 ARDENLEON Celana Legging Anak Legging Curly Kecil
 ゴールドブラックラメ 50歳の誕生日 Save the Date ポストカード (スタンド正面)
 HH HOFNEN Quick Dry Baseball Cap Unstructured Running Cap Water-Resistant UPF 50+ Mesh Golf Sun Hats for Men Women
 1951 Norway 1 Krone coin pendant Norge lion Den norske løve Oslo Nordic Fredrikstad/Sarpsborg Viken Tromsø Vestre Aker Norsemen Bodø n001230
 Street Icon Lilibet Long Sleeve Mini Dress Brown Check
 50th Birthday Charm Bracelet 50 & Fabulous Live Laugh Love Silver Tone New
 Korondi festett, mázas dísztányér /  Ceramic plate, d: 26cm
════════════════════
→ **What is required**: After locating the line with "1951 Norway 1" above, return that line and every later line through the one with "50th Birthday Charm", word for word and with nothing else.

→ **Answer to the problem**:
 1951 Norway 1 Krone coin pendant Norge lion Den norske løve Oslo Nordic Fredrikstad/Sarpsborg Viken Tromsø Vestre Aker Norsemen Bodø n001230
 Street Icon Lilibet Long Sleeve Mini Dress Brown Check
 50th Birthday Charm Bracelet 50 & Fabulous Live Laugh Love Silver Tone New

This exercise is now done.